After an disastrous assault on Jotunheim, the home of the Frost Giants, Thor (Chris Hemsworth) is banished by Odin (Anthony Hopkins) for his recklessness. Exiled to Earth while his brother Loki (Tom Hiddleston) stages a coup, Thor’s only chance of returning to Asgard is to prove himself worthy to wield the enchanted hammer Mjölnir which remains immovably embedded in a New Mexico crater.

My first thought on revisiting “Thor” for the first time in a long while for this countdown was how much more bling Brannagh’s Asgard is. It’s literally dripping with gold, so much so that there’s probably a waiting list for coffee, ice cream and perfume companies within the MCU to film there.

If “Iron Man 2” was where Marvel felt confident enough to raise the stakes, “Thor” is where they went all-in. Fully embracing Arthur C Clarke’s third law, to whit ‘Any sufficiently advanced technology is indistinguishable from magic’, Brannagh deftly weaves a sci-fi fantasy robe to drape around the shoulders of the Shakespearian family power struggle that sits at the heart of “Thor”. And ‘heart’ is the right word for if the MCU gets its foundations from “Iron Man”, “Thor” is where it gets its heart, and here Marvel is wearing theirs on their armoured sleeve. Embracing the weirdness of the comics (in a way that every Fox attempt at “The Fantastic Four” has been afraid to do), it’s awash with iridescent colour and auric spectacle, the cosmic side of the Marvel Cinematic Universe is a feast for the eyes so rich you risk developing ocular gout from the banquet on offer. Such is the breathtaking spectacle that the Earth-bound scenes, by and large, seem quite drab by comparison, especially those set in daylight.

Casting-wise, Marvel again strike 24-carat gold with Chris Hemsworth who brings just the right amount of earnest, lunkheaded nobility and charm to Thor, especially the subtle but well realised emotional arc from arrogance to humility. Of course, in Tom Hiddleston’s Loki Marvel found a villain too good to use just once and one who, while an adopted brother of the hero, wasn’t quite the dark reflection of the hero we’ve come to expect.

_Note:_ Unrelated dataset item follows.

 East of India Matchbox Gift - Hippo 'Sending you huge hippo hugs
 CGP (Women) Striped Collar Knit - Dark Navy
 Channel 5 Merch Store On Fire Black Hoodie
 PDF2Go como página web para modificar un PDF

One of the most character-driven Marvel entries to date, many of the cast get little to do apart from reacting to either Thor or Loki but the two hold the screen so well that you don’t mind (well, unless you’re Natalie Portman apparently). It’s an important film in the franchise not only for setting up the worlds beyond Earth ready for the bigger stories to come but it moves some important pieces into position for the great experiment of “Avengers Assemble”. On its own merits, it’s a solid action adventure film, a great introduction to the Marvel version of Thor – who up until that point had very little profile outside of comic book fans – but as part of MCU history, this was the point where it became clear that Marvel could slip the surly bonds of grim/dark groundedness and touch the face of intergalactic weirdness. Its low placement in the rankings has nothing to do with its lack of quality and everything to do with the shoulders it provided for those that came after it to stand on.

thor review
Score 7/10

We’re firmly in the Marvel Cosmic now, but just when you think there’s not going to be a sniff of an infinity stone, the post-credits scene comes up trumps with our first glimpse of the Tesseract, setting up not only “Avengers Assemble” but also “Captain America: The First Avenger”.

Loki (Tom Hiddleston), Odin (Anthony Hopkins), Frigga (Rene Russo), Jane Foster (Natalie Portman), Erik Selvig (Stellan Skarsgård), Darcy Lewis (Kat Dennings), Heimdall (Idris Elba), The Lady Sif (Jaime Alexander), and the Warriors Three: Volstagg (Ray Stevenson), Hogun (Tadanobu Asano), Fandral (Josh Dallas), Agent Jasper Sitwell (Maximiliano Hernández)

Hawkeye (Jeremy Renner) makes his debut in some post-production reshoots while Stan’s cameo this time around is the guy who wrecks his truck trying to pull Mjölnir free.

A post-credit scene offers a tantalising set-up for “Avengers Assemble” and suggests that even prior to being touched by the Chitauri sceptre, Erik Selvig was under the ‘fluence of Loki.

Mjölnir is ancient Norse for “grinder”, which is also the name of an App, albeit one which has very different criteria for judging worthiness.